I'm trying to find the # active users over time on a daily basis.
A user is active when he has made more than 10 requests per week for 4 consecutive weeks.
ie. On Oct 31, 2014, a user is active if he has made more than 10 requests in total per week between:
- Oct 24-Oct 30, 2014 AND
- Oct 17-Oct 23, 2014 AND
- Oct 10-Oct 16, 2014 AND
- Oct 3-Oct 9, 2014
I have a table of requests
:
CREATE TABLE requests (
id text PRIMARY KEY, -- id of the request
amount bigint, -- sum of requests made by accounts_id to recipient_id,
-- aggregated on a daily basis based on "date"
accounts_id text, -- id of the user
recipient_id text, -- id of the recipient
date timestamp -- date that the request was made in YYYY-MM-DD
);
Sample values:
INSERT INTO requests2
VALUES
('1', 19, 'a1', 'b1', '2014-10-05 00:00:00'),
('2', 19, 'a2', 'b2', '2014-10-06 00:00:00'),
('3', 85, 'a3', 'b3', '2014-10-07 00:00:00'),
('4', 11, 'a1', 'b4', '2014-10-13 00:00:00'),
('5', 2, 'a2', 'b5', '2014-10-14 00:00:00'),
('6', 50, 'a3', 'b5', '2014-10-15 00:00:00'),
('7', 787323, 'a1', 'b6', '2014-10-17 00:00:00'),
('8', 33, 'a2', 'b8', '2014-10-18 00:00:00'),
('9', 14, 'a3', 'b9', '2014-10-19 00:00:00'),
('10', 11, 'a4', 'b10', '2014-10-19 00:00:00'),
('11', 1628, 'a1', 'b11', '2014-10-25 00:00:00'),
('13', 101, 'a2', 'b11', '2014-10-25 00:00:00');
Example output:
Date | # Active users
-----------+---------------
10-01-2014 | 600
10-02-2014 | 703
10-03-2014 | 891
Here's what I tried to do to find the number of active users for a certain date (e.g. 10-01-2014):
SELECT count(*)
FROM
(SELECT accounts_id
FROM requests
WHERE "date" BETWEEN '2014-10-01'::date - interval '2 weeks' AND '2014-10-01'::date - interval '1 week'
GROUP BY accounts_id HAVING sum(amount) > 10) week_1
JOIN
(SELECT accounts_id
FROM requests
WHERE "date" BETWEEN '2014-10-01'::date - interval '3 weeks' AND '2014-10-01'::date - interval '2 week'
GROUP BY accounts_id HAVING sum(amount) > 10) week_2 ON week_1.accounts_id = week_2.accounts_id
JOIN
(SELECT accounts_id
FROM requests
WHERE "date" BETWEEN '2014-10-01'::date - interval '4 weeks' AND '2014-10-01'::date - interval '3 week'
GROUP BY accounts_id HAVING sum(amount) > 10) week_3 ON week_2.accounts_id = week_3.accounts_id
JOIN
(SELECT accounts_id
FROM requests
WHERE "date" BETWEEN '2014-10-01'::date - interval '5 weeks' AND '2014-10-01'::date - interval '4 week'
GROUP BY accounts_id HAVING sum(amount) > 10) week_4 ON week_3.accounts_id = week_4.accounts_id
Since this is just the query to get the number for 1 day, I need to get this number on a daily basis over time.

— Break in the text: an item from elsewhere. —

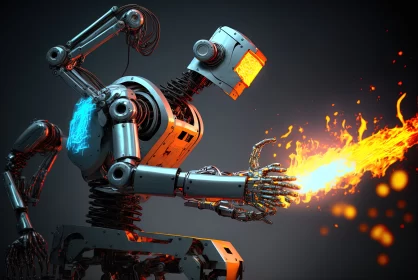 The Precision Guardians: Engineering Brilliance Unleashed as Robotic Arms Keep Welding in Check The Precision Guardians: Engineering Brilliance Unleashed as Robotic Arms Keep Welding in Check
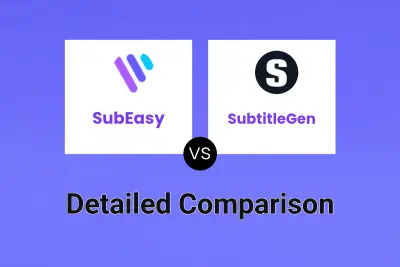 SubEasy vs SubtitleGen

I think the idea is to do a join to get the date so I tried to do something like this:
SELECT week_1."Date_series",
count(*)
FROM
(SELECT to_char(DAY::date, 'YYYY-MM-DD') AS "Date_series",
accounts_id
FROM generate_series('2014-10-01'::date, CURRENT_DATE, '1 day') DAY, requests
WHERE to_char(DAY::date, 'YYYY-MM-DD')::date BETWEEN requests.date::date - interval '2 weeks' AND requests.date::date - interval '1 week'
GROUP BY "Date_series",
accounts_id HAVING sum(amount) > 10) week_1
JOIN
(SELECT to_char(DAY::date, 'YYYY-MM-DD') AS "Date_series",
accounts_id
FROM generate_series('2014-10-01'::date, CURRENT_DATE, '1 day') DAY, requests
WHERE to_char(DAY::date, 'YYYY-MM-DD')::date BETWEEN requests.date::date - interval '3 weeks' AND requests.date::date - interval '2 week'
GROUP BY "Date_series",
accounts_id HAVING sum(amount) > 10) week_2 ON week_1.accounts_id = week_2.accounts_id
AND week_1."Date_series" = week_2."Date_series"
JOIN
(SELECT to_char(DAY::date, 'YYYY-MM-DD') AS "Date_series",
accounts_id
FROM generate_series('2014-10-01'::date, CURRENT_DATE, '1 day') DAY, requests
WHERE to_char(DAY::date, 'YYYY-MM-DD')::date BETWEEN requests.date::date - interval '4 weeks' AND requests.date::date - interval '3 week'
GROUP BY "Date_series",
accounts_id HAVING sum(amount) > 10) week_3 ON week_2.accounts_id = week_3.accounts_id
AND week_2."Date_series" = week_3."Date_series"
JOIN
(SELECT to_char(DAY::date, 'YYYY-MM-DD') AS "Date_series",
accounts_id
FROM generate_series('2014-10-01'::date, CURRENT_DATE, '1 day') DAY, requests
WHERE to_char(DAY::date, 'YYYY-MM-DD')::date BETWEEN requests.date::date - interval '5 weeks' AND requests.date::date - interval '4 week'
GROUP BY "Date_series",
accounts_id HAVING sum(amount) > 10) week_4 ON week_3.accounts_id = week_4.accounts_id
AND week_3."Date_series" = week_4."Date_series"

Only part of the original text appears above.